Gender is a significant determinant of HIV testing among older persons, where older women are more likely to test for HIV compared to older men [43]. Among older persons, advanced age has been associated with reduced odds of HIV testing [44]. The perceived risk of contracting HIV is an important predictor of HIV testing, where a low perceived risk is associated with reduced odds of HIV testing [45]. Among older persons, prior history of testing reduces the odds of subsequent HIV testing [44].

A high level of education increases the odds of HIV testing among older people. With regard to marital status, HIV testing is higher among ever married persons outside union i.e. divorced or separated or widowed [26]. In addition, fear, emotional stress of positive HIV sero status results, HIV stigma [46] and knowledge of HIV transmission [37, 47] have been associated with HIV testing [37].

Despite the available evidence on HIV testing, there is dearth of information on HIV testing among older persons in developing countries in general and Uganda [48] in particular. In SSA, sources of data on HIV/AIDS such as Demographic and Health Surveys (DHS) and AIDS Indicator Surveys focus on age 15–54 years. The recent Uganda DHS, 2016 and Population and HIV Impact Surveys (PHIA) in 12 African countries also omit older persons [29, 33, 49]. In addition, several studies on the health of older people in Uganda have focused on later life problems associated with HIV/AIDS (Scholten et al., 2011; Seeley, Wolff, Kabunga, Tumwekwase, & Grosskurth, 2009) but not their uptake of HIV testing. There is need for language editing.

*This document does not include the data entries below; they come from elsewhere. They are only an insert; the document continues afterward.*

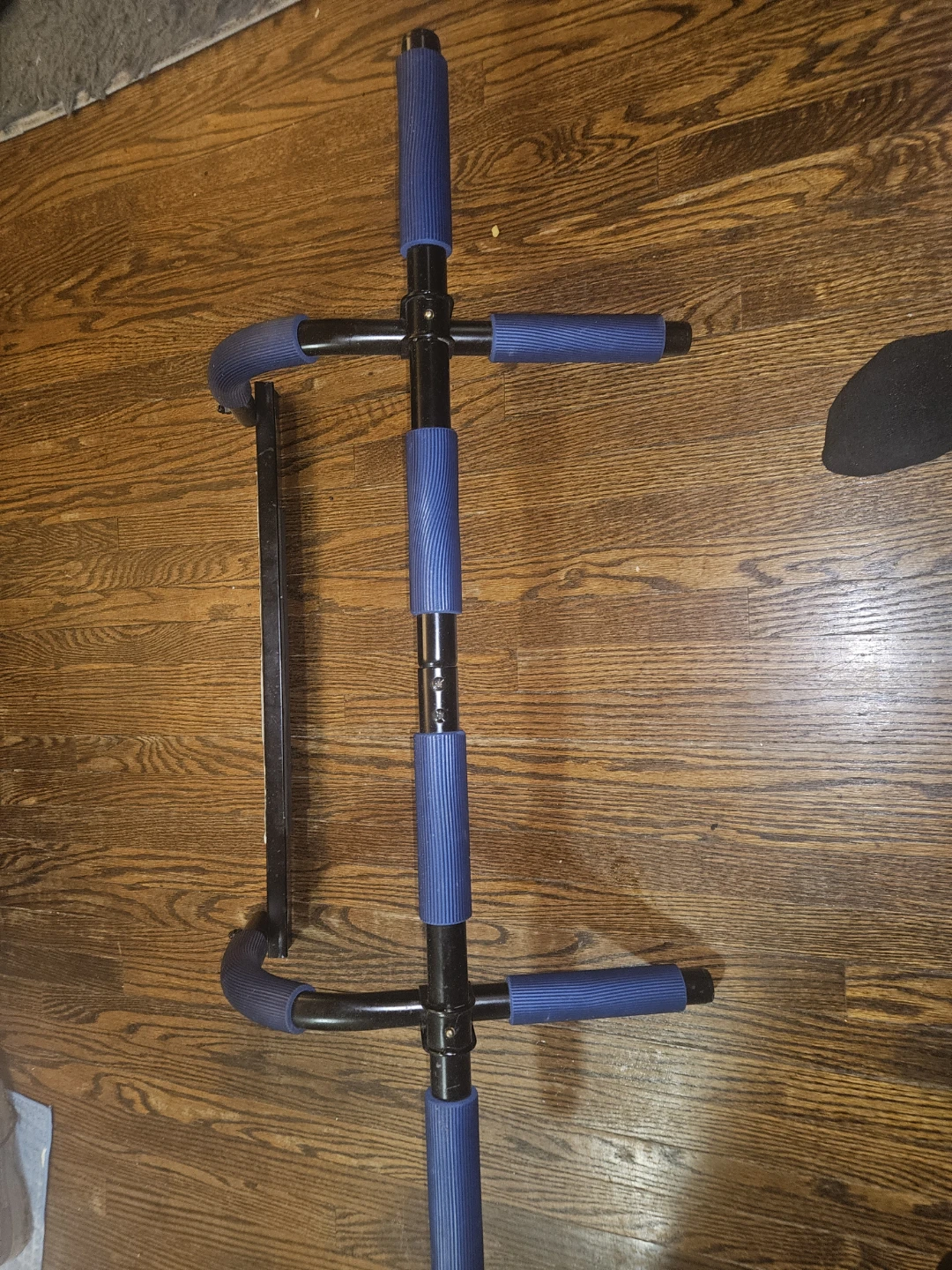 Doorway Pull-Up/Push-up Bar with Blue Grips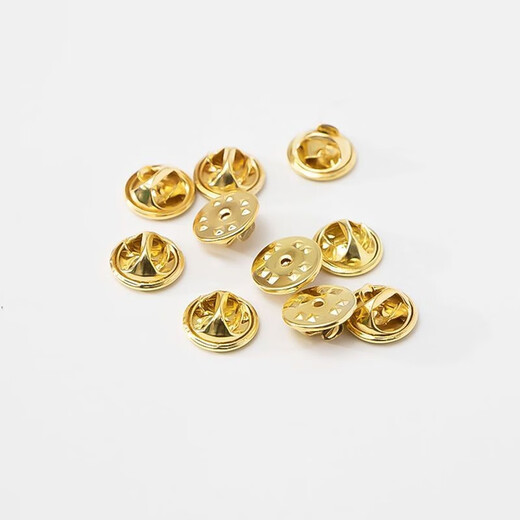 Universal alloy brooch butterfly buckle badge badge spare buckle pin buckle spurs base back buckle fixed buckle gold (10 pieces)
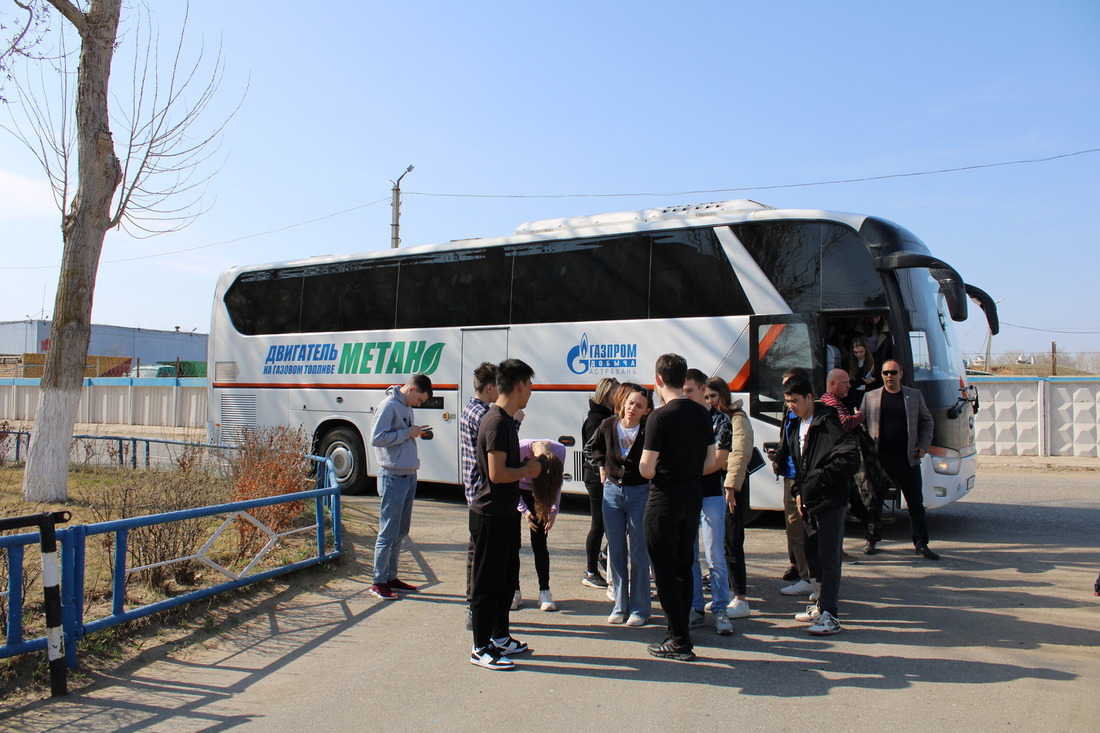 Общество выделило для поездки комфортабельный автобус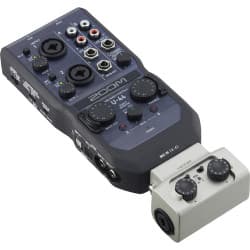 Zoom U-44 - Interface de Áudio/MIDI Portátil USB 4x4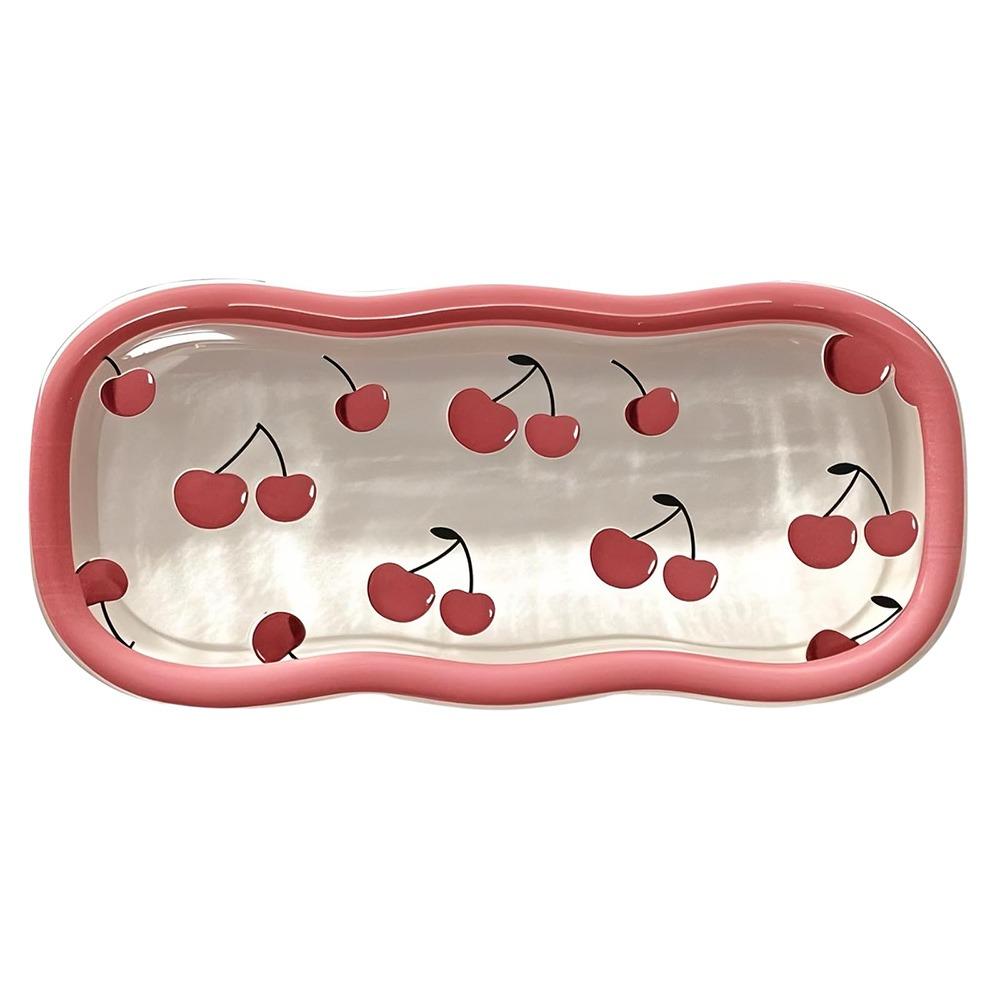 Hard Shell Eyeglass Case Cherry Eyewear Holder Fashion Glasses Case for Sunglasses Reading Glasses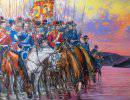 1812 год. События 13 июля. Французский маршал Удино осадил крепость Динабург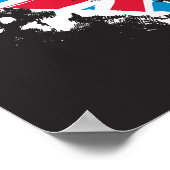 Paint Strokes British S-Shield Poster (Hoek)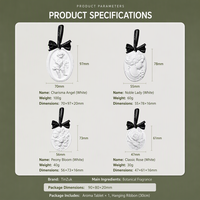Diffuseur d'arômes suspendu vintage en pierre de plâtre microporeuse naturelle, écologique et de haute pureté, parfum botanique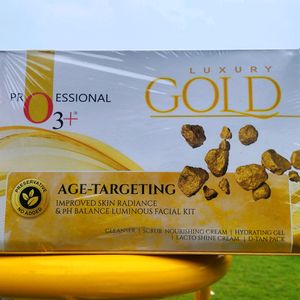 luxurious gold facial kit O3+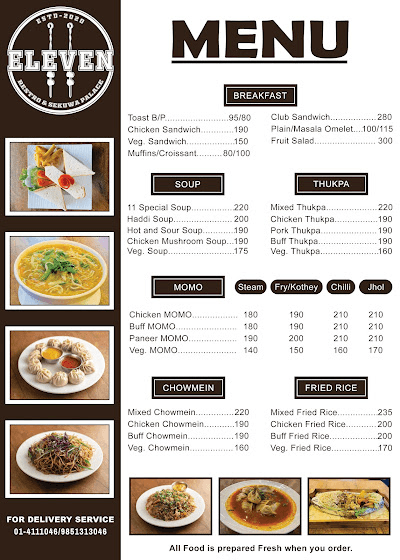 Eleven Restro & Sekuwa Palace menu 2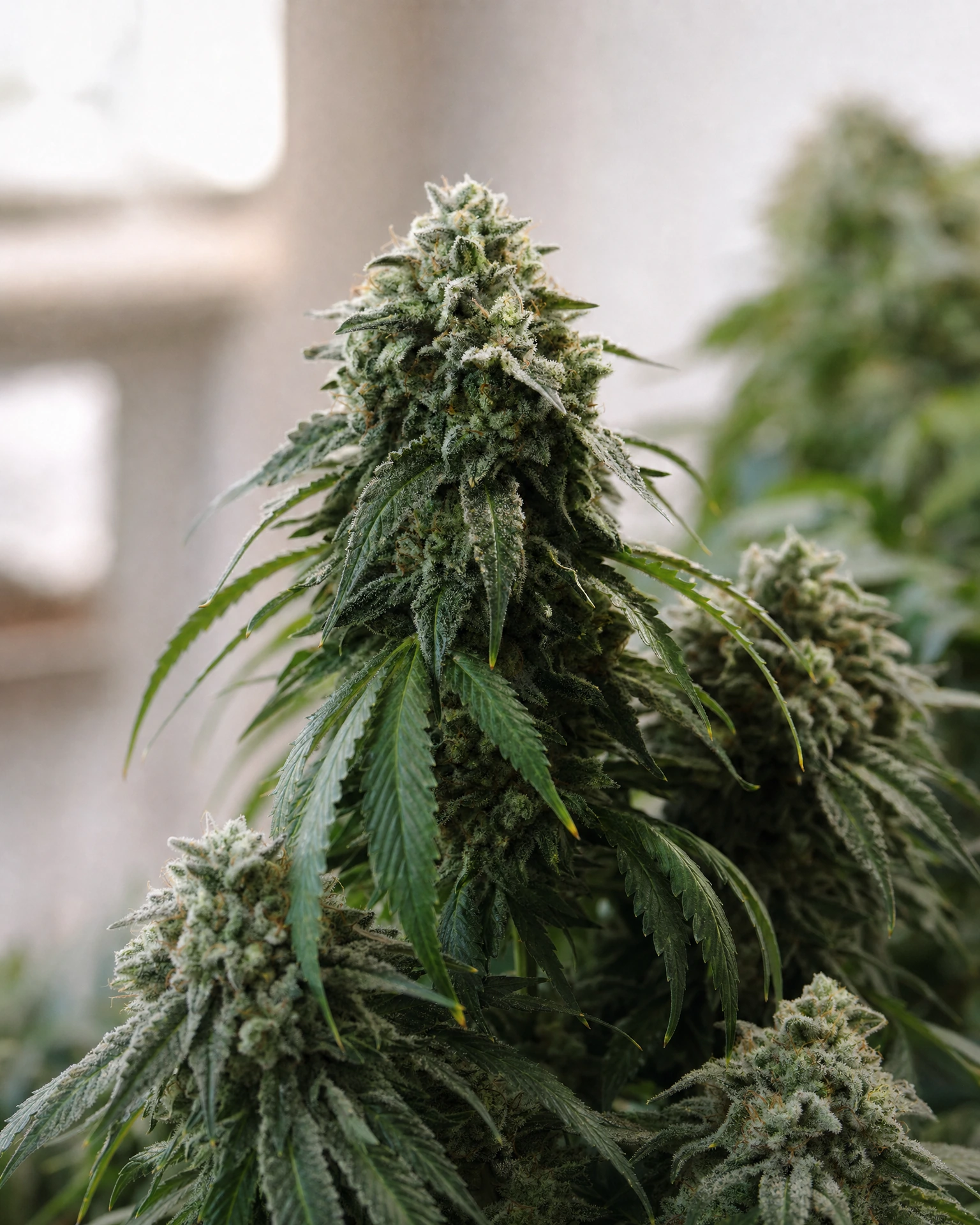 Ausgereifte Cannabispflanze der Sorte MAC 1 aus einem zweiten Blickwinkel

Therefore, the aim of this study was to investigate the determinants of access to HIV testing services among older persons in selected rural districts in Uganda. Findings are expected to contribute to understanding of factors associated with HIV testing among older persons [37, 38, 44, 50].

Methods

Study design and setting

The study used a cross-sectional and mixed methods study design. Both survey data and qualitative data were collected in February 2018. Qualitative data included focus group discussions and in-depth interviews. However, this paper is based on survey results. The study setting was in rural districts of Uganda: Masaka (central Uganda) and Hoima (western Uganda).

Study participants

Older persons were defined as those age 50 years and older as recommended by the World Health Organization [4]. We thus considered older persons 50 years and above who had the capacity to provide informed consent.

Sampling procedures

We used a multi-stage stratified cluster sampling design. We randomly selected two regions in Uganda namely: central and western regions out of the four administrative ones. Simple random sampling was used to select one district from each region: Masaka (central) and Hoima (western) from each region. We used the sampling frame of the 2014 Uganda Population and Housing Census [51] to select two sub-counties from Masaka [52] and three sub-counties from Hoima [53] using simple random sampling. From each sub-county, four enumeration areas or villages were selected using simple random sampling. The census sampling frame listed all enumeration areas in each sub-county. Using Microsoft office excel package, computer generated random numbers were assigned to all enumeration areas. Random numbers were used to randomly select enumeration areas. From each village, a sampling frame of older persons’ and their households was constructed in consultation with local leaders and systematic sampling was used to select participants for the survey. In households where older men and women live as couples, both were interviewed separately.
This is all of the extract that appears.